# How to initialize a PeakTree object
This tutorial shows how to format input data to `PeakTree(data)` that initializes an instance. PeakTree instantiation takes a single argument `data`, which must be an iterable of `(label,value)` pairs or `x,y` points.

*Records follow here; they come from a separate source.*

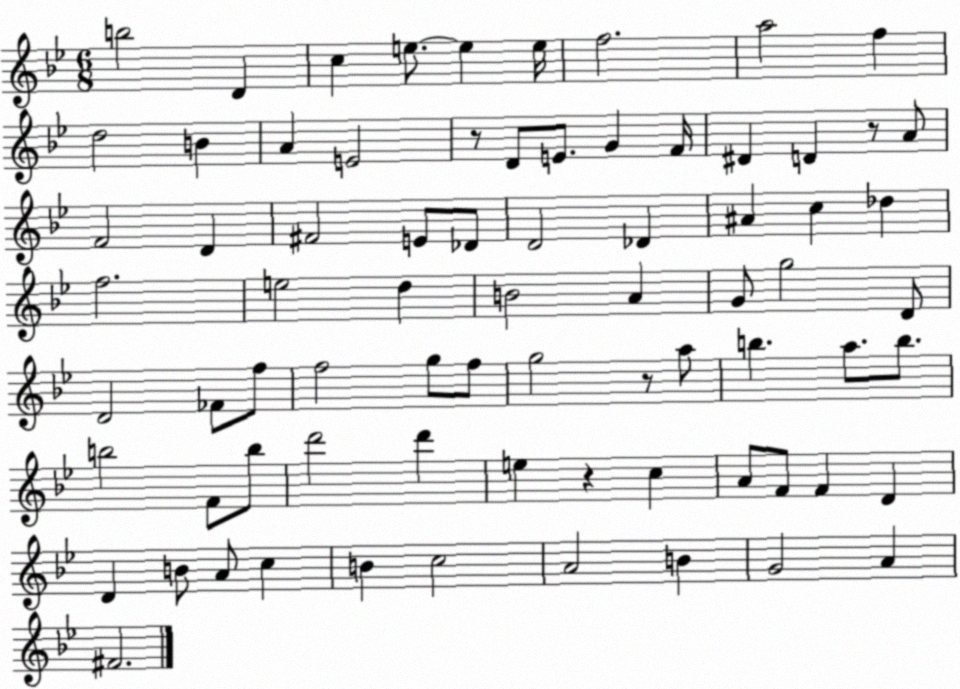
X:1
T:Untitled
M:6/8
L:1/4
K:Bb
b2 D c e/2 e e/4 f2 a2 f d2 B A E2 z/2 D/2 E/2 G F/4 ^D D z/2 A/2 F2 D ^F2 E/2 _D/2 D2 _D ^A c _d f2 e2 d B2 A G/2 g2 D/2 D2 _F/2 f/2 f2 g/2 f/2 g2 z/2 a/2 b a/2 b/2 b2 F/2 b/2 d'2 d' e z c A/2 F/2 F D D B/2 A/2 c B c2 A2 B G2 A ^F2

How to do that is shown for a range of different data sources.

## Discrete data sets
How to find the hierarchical peaks in a discrete sequence of data points (e.g. sampled points, discrete 1-D functions, time series, etc.) is demonstrated for these cases:
1. An x-vector and a y-vector
2. Non-numeric x-coordinates
3. A list of (x,y) tuples
4. A dictionary of x: y
5. A y-vector only
6. A function y(x)
7. A generator function yielding (x, y)
8. Labels that are (label, value)-tuples themselves

In [1]:
# import the module
import hierarchical_peaks as hip

### Example 1: An x-vector and a y-vector
If data point coordinates are stored in two lists (`x_vector` and `y_vector`), then a `zip()` of the two lists can be used as input argument.

In [5]:
# small example data set:
x_vector = [n for n in range(2005,2022)]
y_vector = [8.5, 9.0, 5.0, 10.0, 7.5, 3.0, 6.0, 6.0, 2.0, 7.5, 7.5, 8.0, 6.0, 7.0, 4.0, 4.0, 5.0]


# initialize a PeakTree:
tree1 = hip.PeakTree(zip(x_vector, y_vector))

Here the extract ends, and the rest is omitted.